Warriors: A Starless Clan
- River (2022); Sky (2022); Shadow (2023); Thunder (2023); Wind (2024); Star (2024);
- Author: Erin Hunter
- Publisher: HarperCollins
- Published: 5 April 2022 – 5 November 2024
- No. of books: 6
- Preceded by: Warriors: The Broken Code
- Followed by: Warriors: Changing Skies

= Warriors: A Starless Clan =

Eighth arc in the Warriors series

Warriors: A Starless Clan is the eighth sub-series ("arc") in Warriors, a juvenile fantasy novel series by Erin Hunter. Consisting of six books, it was published between 2022 and 2024. A Starless Clan follows protagonists Nightheart, Sunbeam and Frostdawn, feral cats who live in Clans.
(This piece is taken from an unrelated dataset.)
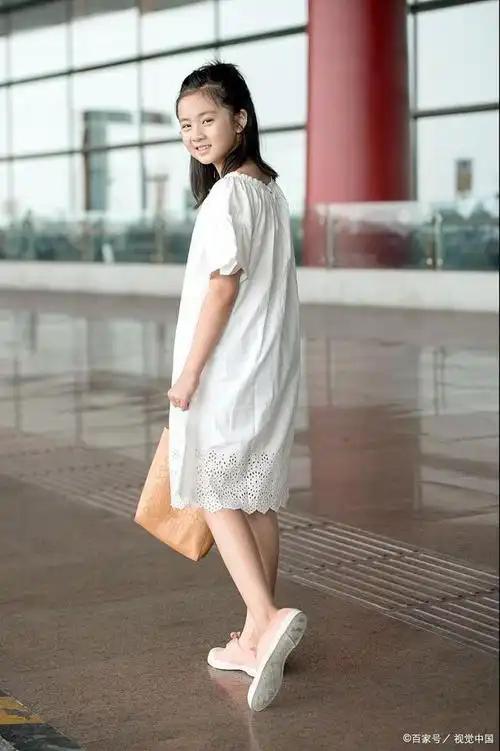 黄磊17岁大女儿近照曝光,多多扎双辫漂亮气质,越来越成熟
A Starless Clan received mixed reviews from critics.

==Publication history==
- River (5 April 2022)
- Sky (1 November 2022)
- Shadow (4 April 2023)
- Thunder (7 November 2023)
- Wind (2 April 2024)
- Star (5 November 2024)

==Plot summaries==
===Series continuity===
A Starless Clan is the eighth Warriors sub-series ("arc"), set after the events of The Broken Code. It is followed by the ninth arc, Changing Skies.

==Critical reception==
Kirkus Reviews wrote that "a major theme" of River is changing the Clans' code of honor for "whenever a feline Romeo-and-Juliet situation arises". Kirkus Reviews also wrote that River "maintains some of the charm of the series", but criticised it for "trying to pack too much into each chapter" and Curlfeather's "disturbing" death.

A different review by Kirkus Reviews wrote that a theme of Sky is dealing with xenophobia. It also praised Sky for "skillfully [using] the cats' conversations to fill in gaps for readers unfamiliar with the series" and "effortlessly balanc[ing] character traits and job descriptions equally among genders and ages".
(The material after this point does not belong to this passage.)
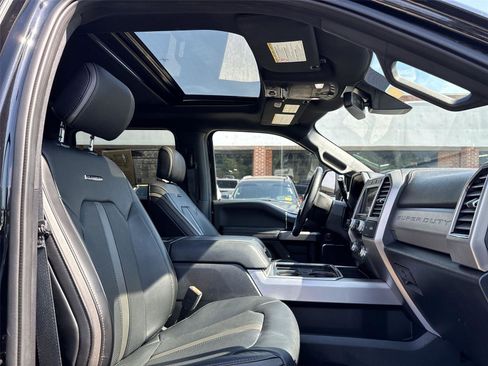 Used 2019 Ford F250 Platinum w/ Platinum Ultimate Package AWD/4WD image 26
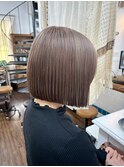 ハイトーンボブ20代30代40代ケアブリーチミルクティーベージュ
Kirkus Reviews wrote that Shadow "gracefully incorporat[es] plot", and presents "finding one's calling and navigating relationships" well to an adolescent audience. It also commented that past chapter 16, the quality "plummets dramatically".

On 15 May 2022, River had been a New York Times Best Seller for four weeks. On 27 November 2022, Sky had been a New York Times Best Seller for two weeks.